We are proud to announce a new release of Snowplow:
This release is one the most-community driven release we’ve ever done, a huge thanks to everyone involved:
If you’re looking to contribute, we’ve significantly revamped our contributing guide.
Apart from containing great community contributions, this release revolves around new capabilities for the real-time pipeline!
4 Likes
Hi @BenFradet,
thanks for releasing yet another great increment to the real time pipeline.
However, I would like to challenge the decision about truncating the X-Forwarded-For
header field. We heavily rely on the whole list of IP-addresses or domain names present in that header field.
- Corporate and private users can be proxy’fied from different networks but still have same internal IP (
X-Forwarded-For: 192.168.123.45,cache.acme.com,gw.acme.com,cache.acme-s-isp.com
vs X-Forwarded-For: 192.168.123.45,home-isp-cache.foo.com
)
- Traffic compression servers like Opera Mini can put different kind of values into the header field.

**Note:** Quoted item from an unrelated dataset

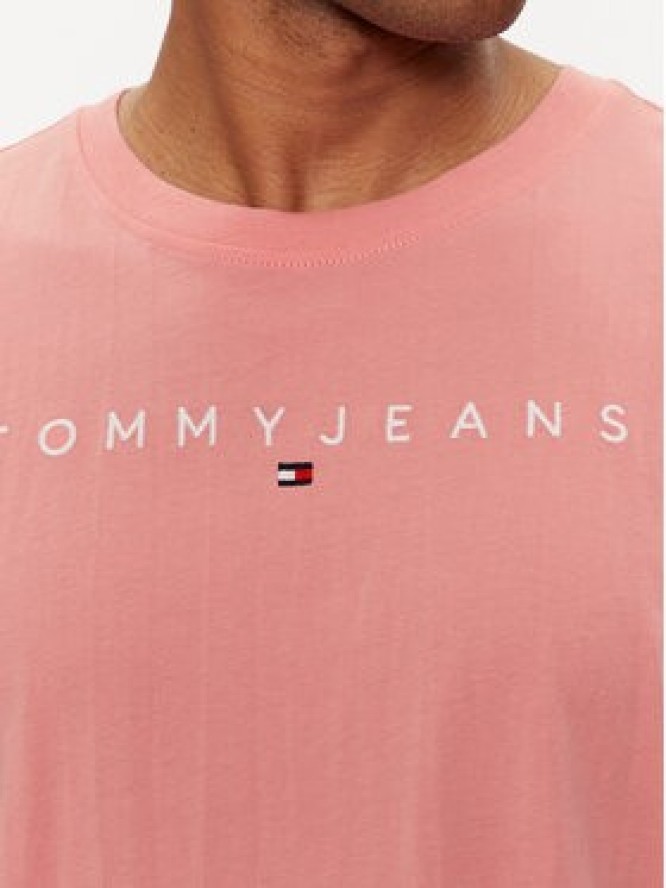 Tommy Jeans T-Shirt Linear Logo DM0DM17993 Różowy Regular Fit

In example you can see 127.0.0.1 as first entry
I think it should be up to the snowplow stack user to decide what to do with the header, and maybe use a header enrichment which we contributed a few years back to selectively read from X-Forwarded-For
header and truncate to their liking?
What do you think?
Hey @christoph-buente,
The only truncation we do surfaces in user_ipaddress
, the headers are left intact. As such you can still use the header enrichment if you want to keep the whole chain of ip addresses.
2 Likes
Thanks @BenFradet for clarifying. I was under the impression the collector is changing the header field and there is no way anymore to access the original headers during enrichment phase.
Then please ignore my concerns
No worries, sorry if the explanation wasn’t clear enough.